And nobody believes those numbers.
Maybe it’s a media hall of mirrors: Republicans doubling down on their love for Herman Cain because they don’t like the media laughing at them for claiming to love Herman Cain.
In an age when even the most rabid birthers and mosque molesters fly into a rage at the suggestion they might be bigots, it’s become impolitic to state the obvious: that a lot of Tea Party types are crazy for Cain because he shields them against charges of racism.
Some conservatives even want extra credit for favoring a “real black man,” as Cain calls himself, over someone like Obama.
Of course, Cain also spews all the right anti-Obama, anti-liberal fairy tales, like telling the Occupy Wall Street protesters “if you don’t have a job and you’re not rich, blame yourself!” and calling blacks “brainwashed” for voting Democratic. Coming from an African-American, that has tremendous value for the right. (Number 1 in Goldstein’s reasons to nominate Cain is “He Has No Sense of Entitlement.”) Like the motivational speaker he is, Cain is helping a lot of Republicans feel better about themselves.

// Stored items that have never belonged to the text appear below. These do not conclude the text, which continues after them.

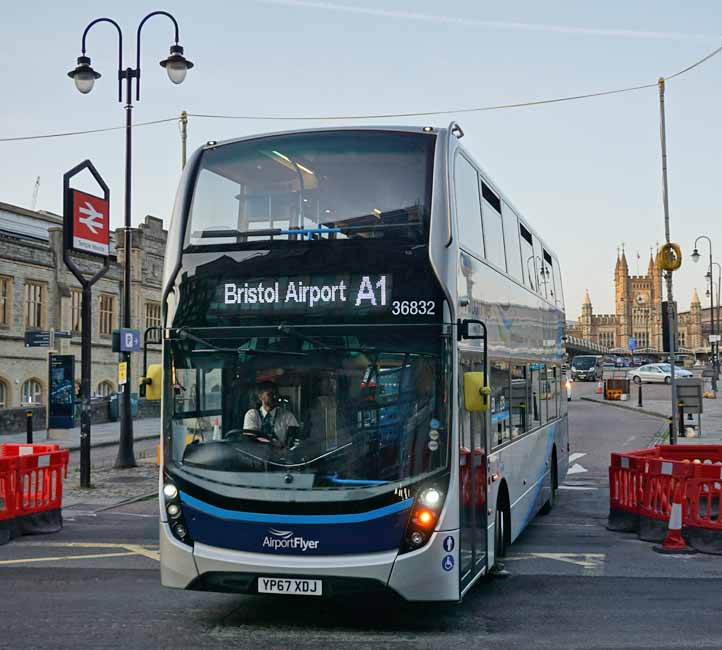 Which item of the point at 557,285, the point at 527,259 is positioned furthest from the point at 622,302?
the point at 527,259

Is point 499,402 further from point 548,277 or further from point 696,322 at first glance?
point 696,322

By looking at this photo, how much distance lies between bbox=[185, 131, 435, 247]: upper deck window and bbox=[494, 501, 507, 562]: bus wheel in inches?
131

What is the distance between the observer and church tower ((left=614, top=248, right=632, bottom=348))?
193750mm

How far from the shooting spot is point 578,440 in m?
27.7

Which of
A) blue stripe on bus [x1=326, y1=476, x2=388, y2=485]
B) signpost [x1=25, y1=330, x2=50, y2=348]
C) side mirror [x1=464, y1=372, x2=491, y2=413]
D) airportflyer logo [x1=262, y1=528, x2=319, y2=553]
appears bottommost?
airportflyer logo [x1=262, y1=528, x2=319, y2=553]

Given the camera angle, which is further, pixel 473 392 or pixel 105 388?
pixel 105 388

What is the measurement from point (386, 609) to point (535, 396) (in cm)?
483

But as Cain rises in the polls, he is undergoing more scrutiny and is inevitably tripping over facts that don’t fit his sales pitch. Cain told Lawrence O’Donnell Thursday night that he wasn’t involved in the civil rights battles of the ’60s because he was in high school. “If I had been a college student, I probably would have been participating,” he said. When O’Donnell pointed out that Cain was in college from 1963 to 1967, “at the height of the civil rights movement,” Cain went into brain-freeze, saying, “I graduated from high school in 1963, OK? I didn’t start college until the fall of 1963.”
Originally posted by zapr1943
And, one of the things you left out about why he didn't join in the civil rights movement was because he was 17 when it started and his father wouldn't let him go.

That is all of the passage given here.